Nearly three in four scam victims say the experience hurt their mental health.
That number comes from a new report, *United States of Scams: The Financial and Emotional Fallout*, released by the Stop Scams Alliance and Gallup. Researchers surveyed 5,173 U.S. adults by web and mail between January 8 and February 18, 2026, drawing respondents from Gallup’s probability-based panel.
Seventy-three percent.
That is not a footnote. That is the story.
A second study backs it up. The Global Anti-Scam Alliance, in partnership with Iris Powered by Generali and Opinium, surveyed 3,110 U.S. adults between March 16 and April 13, 2026, for its State of Scams USA 2026 report. Fifty-nine percent of respondents who had been scammed said the experience affected their wellbeing. Only half of those who reported their losses ever saw money recovered or reimbursed. One in five adults who lost money to a scam ended up with reduced access to credit.
Two different research teams. Two different survey windows. The same conclusion.
Financial fraud does not end when the transaction does. The trauma outlasts the case number.
While prevention systems continue to evolve, recovery infrastructure has not kept pace. Many individuals are left navigating emotional recovery without clear pathways to support, often moving from institution to institution without knowing where to turn next.
The part the paperwork misses
Scam recovery is usually described in procedural terms.

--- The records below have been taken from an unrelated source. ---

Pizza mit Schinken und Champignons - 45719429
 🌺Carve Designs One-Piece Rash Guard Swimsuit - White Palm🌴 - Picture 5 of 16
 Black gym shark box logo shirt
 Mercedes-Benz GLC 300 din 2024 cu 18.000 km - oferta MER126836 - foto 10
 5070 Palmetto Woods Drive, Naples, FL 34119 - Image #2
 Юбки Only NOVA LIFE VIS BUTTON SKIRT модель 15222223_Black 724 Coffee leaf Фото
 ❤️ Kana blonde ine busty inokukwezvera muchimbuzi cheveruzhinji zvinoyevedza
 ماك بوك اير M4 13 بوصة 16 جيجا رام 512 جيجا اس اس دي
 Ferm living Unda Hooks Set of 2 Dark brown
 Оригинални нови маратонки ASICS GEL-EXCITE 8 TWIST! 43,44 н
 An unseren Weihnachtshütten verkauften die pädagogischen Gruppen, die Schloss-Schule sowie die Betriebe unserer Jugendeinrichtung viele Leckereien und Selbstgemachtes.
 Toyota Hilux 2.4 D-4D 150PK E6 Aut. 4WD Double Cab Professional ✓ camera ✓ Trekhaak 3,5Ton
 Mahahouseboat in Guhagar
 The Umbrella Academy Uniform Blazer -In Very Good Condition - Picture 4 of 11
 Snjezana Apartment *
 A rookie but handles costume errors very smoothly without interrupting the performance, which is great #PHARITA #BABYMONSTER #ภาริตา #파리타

File a report. Contact your bank. Freeze your credit. Talk to a lawyer.
Those steps matter. But they are not the whole recovery.
Survivors describe something the forms don’t ask about. Shame. Hypervigilance. Grief. Self-blame. A quiet, corrosive isolation that can outlast the financial damage by months or years.
Half of victims never get their money back. And even for those who do, the emotional weight of having been targeted, deceived, and exploited does not resolve on the same timeline as a bank dispute.
This is why Give an Hour, together with SilverShield, developed the “After the Scam” series. It exists for the moment after the reporting is done and the harder work of healing begins. Financial fraud increasingly intersects with Give an Hour’s mission because survivors frequently experience emotional and psychological impacts that extend well beyond the financial event.
The hidden psychological impact of financial fraud
The first webinar in the After the Scam series focused on exactly this: the human impact behind the numbers.
“How much did you lose?” It is usually the first question asked of someone who has been targeted by a financial crime. It expects a number.
But a number cannot capture what happens next.
The After the Scam series asks us to zoom out, to look past the reporting and recovery process, and pay attention to what a person carries once the case is filed.
“If all we do is address the transaction, we’ve only addressed part of the problem,” said Ryan Young, Marketing & Communications Manager at Give an Hour.
Reporting a loss to law enforcement or a financial institution is a necessary step. But behind every transaction is a person, and that person may be carrying fear, anxiety, guilt, or embarrassment, some of the emotions survivors of financial cybercrime describe most often. Whatever your role, whether you are a friend, a family member, a case worker, or a fellow survivor, someone sharing their experience is an invitation to pause and really listen, not simply to move on to the next step.
Give an Hour has seen how often this toll goes unacknowledged. For many survivors, the transaction is only where the story begins. What follows is deeply psychological.
“The fraud experience is so much larger than the event itself,” said Rebekah Wilbur, Learning & Design Manager at Give an Hour. “It is deeply life-altering. It is psychologically traumatic for individuals who have been victims of fraud. They have experienced ongoing trauma and have a lot of shame around what they’ve been through.”
Give an Hour offers support and resources to support you with the journey. No one journey is alike.
During the session, Give An Hour representives shared the Financial Fraud Journey Map.
You can view the Financial Fraud Journey Map on Give an Hour’s website under the Financial Fraud page
Or order a free print copy by visiting the FINRA Investor Foundation website.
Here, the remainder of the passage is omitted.